Friday, September 26, 2014

Absence of Self

Faint lines glow on other faint lines, crossing and canceling. The same surface touches the ground thousands of times, and it still changes with time. Many things are more than they seem, and unfortunately, many things are also less than they seem. The strength, grace, and power of a lion in a man not quite an adult, who you would never look at twice. A pond so small and shallow it can only rival a puddle in a wonderfully beautiful, strong looking woman. If I fall asleep now, I will not wake up later, not truly, but of course the thought does not bother me now: it will only bother me later, when I wish I didn’t fall asleep. Hate that is deep and strong makes me feel superficial and strange.
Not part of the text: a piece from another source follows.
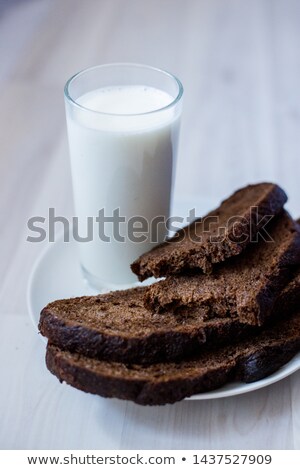 Foto d'archivio: Ochi · pezzi · di · pane · di · segale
Love that is deep and powerful makes me feel wonderful, like there is no need to hate, not when I have such passion. I’d say I miss the earthquakes but I barely remember them, and they were not startling, not scary. I’m not scared when I go insane: quite the opposite. Going insane is a wonderful, relieving feeling that I don’t have to pretend anymore, don’t have to be fake and silly and strange. Strange is the thought that everyone thinks that they are weird, and out of the ordinary, for doing odd things, like talking to themselves or to others. In the great sphere of humanity, we are all humans, right? Nothing we do will be out of the ordinary, or strange, or weird, because we are all human. Philosophy is the art of painting with black and white, defining lines and borders that we should be quite happy not to cross. I’ll leave you with thoughts of me, wondering whether I am deep or strong or shallow and frail, wondering where I fit into humanity. Because we all must fit, if we are truly human inside.